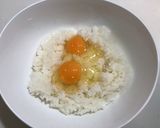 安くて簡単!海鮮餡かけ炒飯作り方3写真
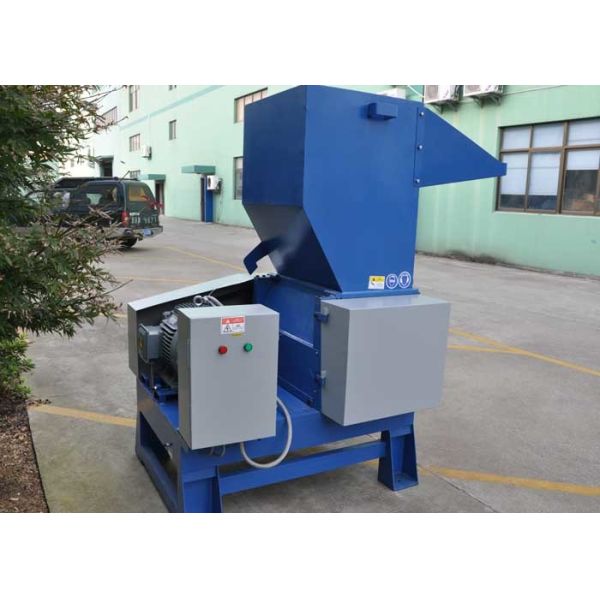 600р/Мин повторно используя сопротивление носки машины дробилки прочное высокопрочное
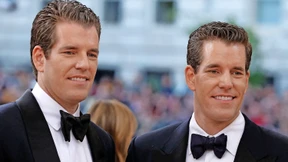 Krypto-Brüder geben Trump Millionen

* * *

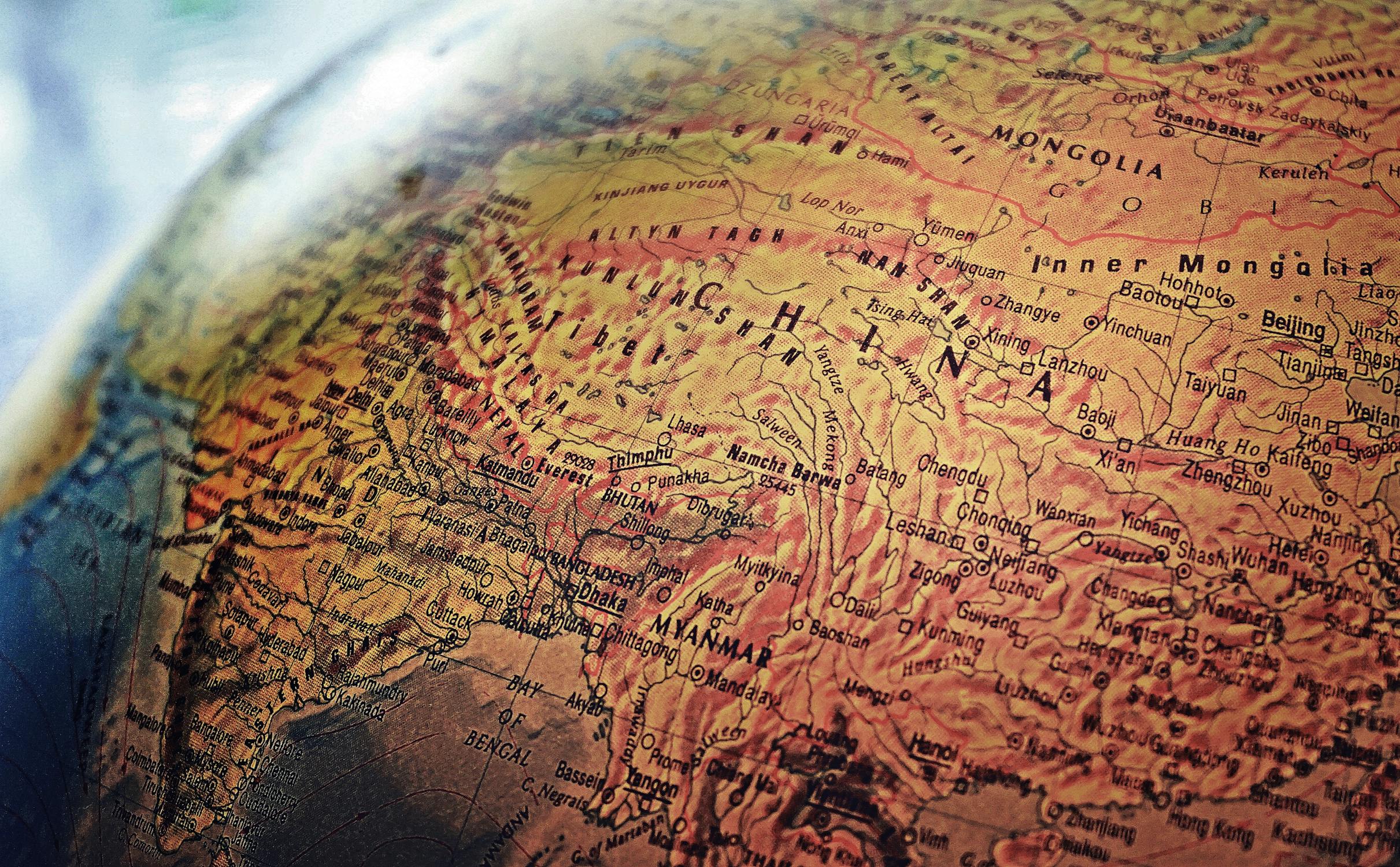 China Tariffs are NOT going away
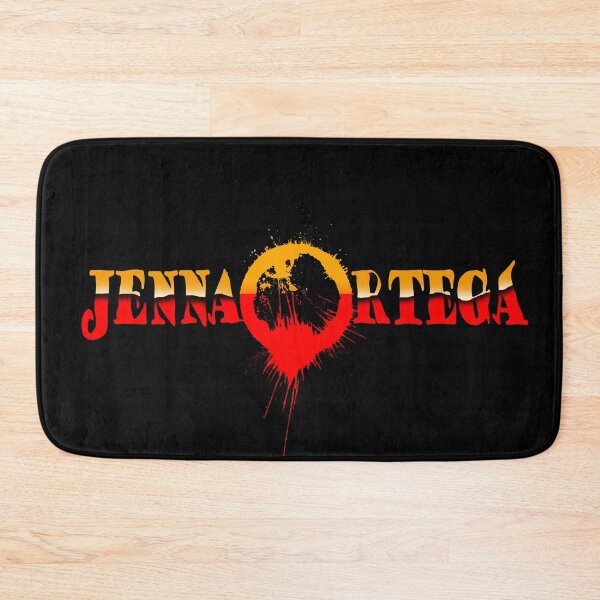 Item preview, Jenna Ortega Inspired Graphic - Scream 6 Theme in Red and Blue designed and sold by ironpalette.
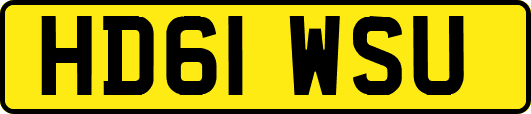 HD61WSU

WORK ITEM - Range to copy from the listing above: the line with "安くて簡単!海鮮餡かけ炒飯作り方3写真" through the line with "Krypto-Brüder geben Trump Millionen". Transcribe it exactly and skip the pictures.

RESPONSE BOX -
 安くて簡単!海鮮餡かけ炒飯作り方3写真
 600р/Мин повторно используя сопротивление носки машины дробилки прочное высокопрочное
 Krypto-Brüder geben Trump Millionen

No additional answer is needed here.